速く走ること④ 接地編

本当は3部作で終わる予定でしたが、まさかの延長戦に突入してしまいました。
これまでの3部作では、速く走ることについて、RIXPERTのこれまでの数値をもとにピッチとストライド、体力と技術の関係について見てきました。

その内容に入れ込み切れなかったもう一つ大切なこと。
それが「接地」です。

人間は空中で加速することはできません。
空中に浮いている間は空気抵抗を受けて減速するだけです。
加速できる瞬間は地面に足が着いているときだけであり、それこそが「接地」の瞬間です。

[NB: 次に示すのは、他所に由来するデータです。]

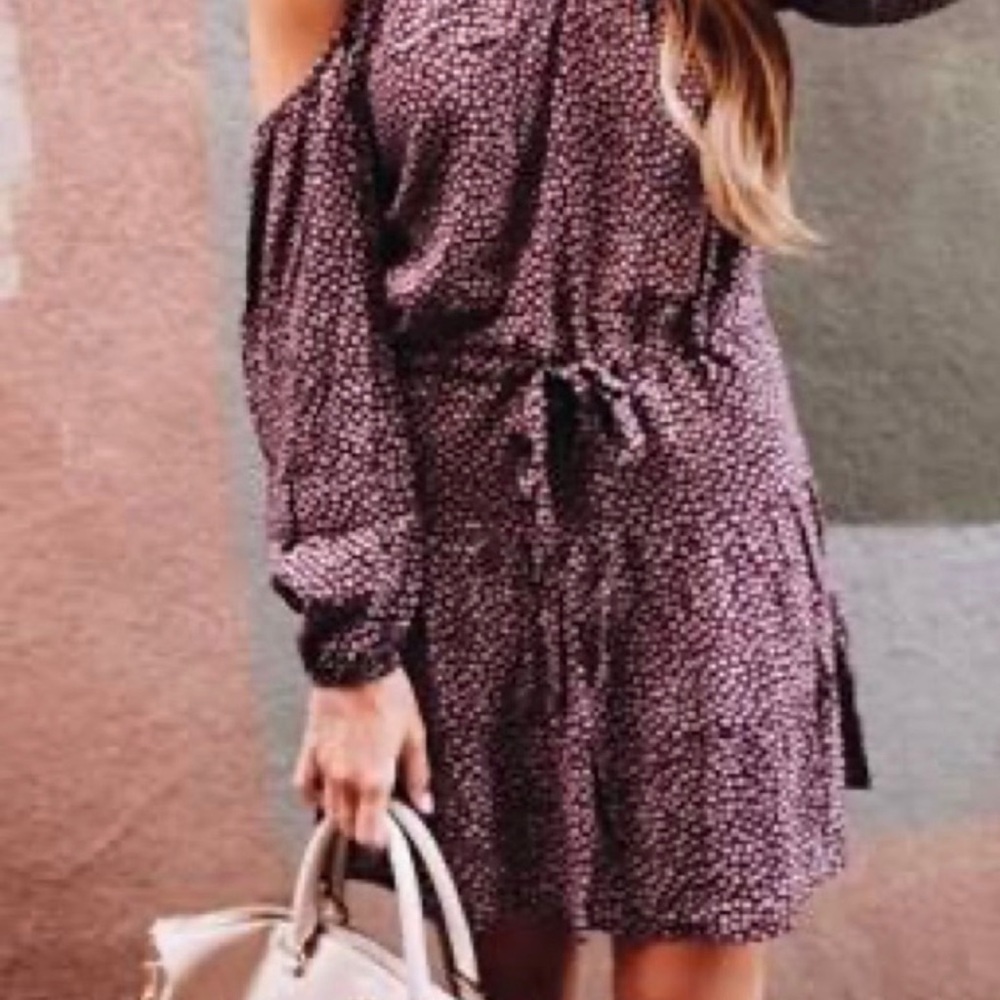 NWOT Paige Floral Cold Shoulder Dress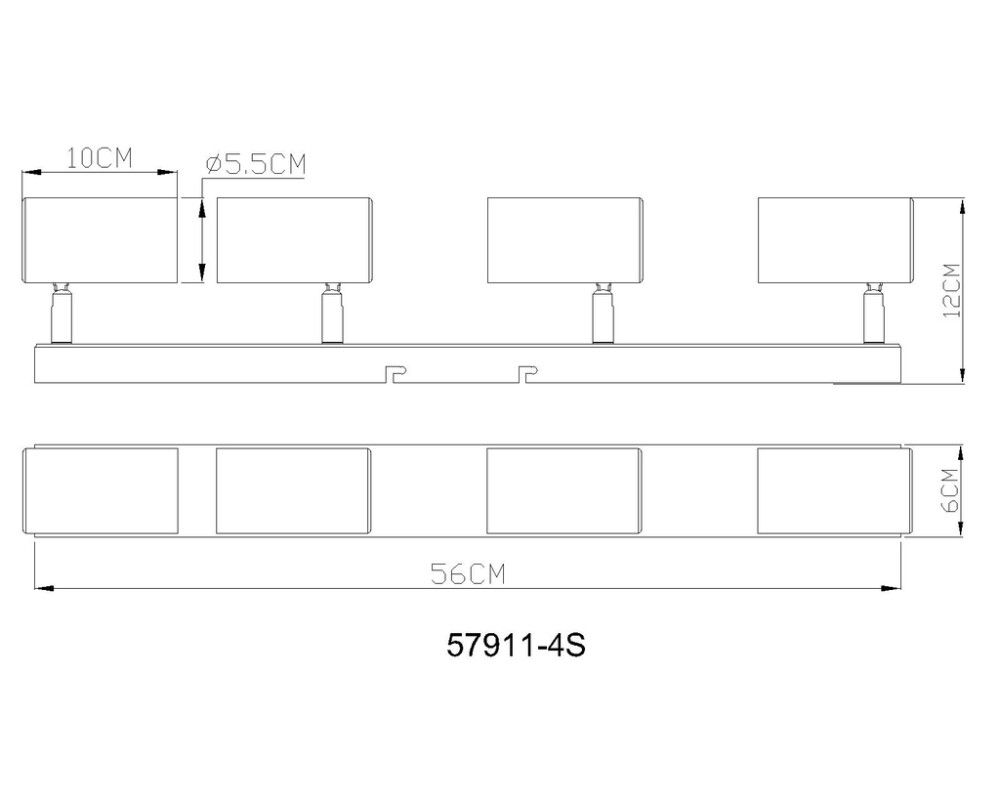 Kohtvalgusti Globo Robby 4-osaline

そして、この接地で最も大切なことはロスを減らすことです。
人間の体は体を守るために衝撃を吸収できる構造となっており、足首や膝、股関節に背中といった関節を曲げることで衝撃を吸収して力を和らげます。
これが接地の時に起こるとどうなるでしょう。
せっかくの前に進む力が吸収されてしまうことは容易に想像できます。

最もロスの少ない接地。
それこそが速く走ることにつながっていきます。

そして、RIXPERTではこの接地を「乗り込み」と称して日々の習得に努めています。
その体現者が3作目に続いての登場となる野村コーチです。

コマ9の接地のように、接地足の膝があまり曲がることなく、足・腰・体・頭が一直線の姿勢となる接地。
この接地が最もロスの少ない接地となります。

足を体の方に引き込んでくるのではなく、接地足の上に体を乗せる。
だから乗り込みです。

地面を蹴るように力をいれようとすると、膝は曲がった接地となり、そこから膝を伸ばすような力で地面を押すことになってしまいます。
詳細は省略しますが、そうなってしまうと足が流れてしまい、足の切り返しも遅れてしまいます。
地面を踏みに行くようなこんな接地になっていないでしょうか。

次の接地と比べると「乗り込み」という意味が分かるのではないかと思います。

接地の瞬間に
 ・地面を蹴らない。
 ・瞬間的に体を固める。
 ・遊脚の引き付けのタイミングを合わせる。

これぞ「接地」です。

こんな動きを野村コーチがよくやっているのを見かけたことがないでしょうか?
実際の走りの感覚も、これを速く大きくやっているだけです。

さらに、野村コーチはRIXPERTで行っている立甲というトレーニングを通して、脇腹周辺の筋肉の使い方への理解が深まったと言います。
そして、接地時に「あばらを固める」感覚が作れたことでより接地が安定したそうです。
それが各務原の奇跡と呼ばれる11秒台の走りにつながりました。
そのあたりはまた別の機会に紹介できたらと思います。

予定外の延長戦の4作目になってしまいまいましたが、これで本当に最後です。

個人個人に適したトレーニングを通してピッチとストライドを高めていく。
そのためにバウンディングやメディシンボールなどで体力を高める。

また、「切り返し」や「乗り込み」といった走りの技術を高める。

これが速く走るためにRIXPERTのやっていることです。

ここまで全てを書いてしまってよかったのかは分かりません。
しかし、クラブ選手にとっては普段の練習で行っていることの再確認とさらなる理解の場となります。
クラブ外の選手にとっては、速く走るための手助けになったり、何よりRIXPERTに興味を持ってもらえる機会になればと思います。いつでも体験にお越しください。

RIXPERTでは、これからも速く走ることにとことんこだわっていきます。
そして、この2024年も100mに関わらず、多くの記録の伸びが見られることを願っています。
みんなでがんばっていきましょう!
2024年もよろしくお願いします。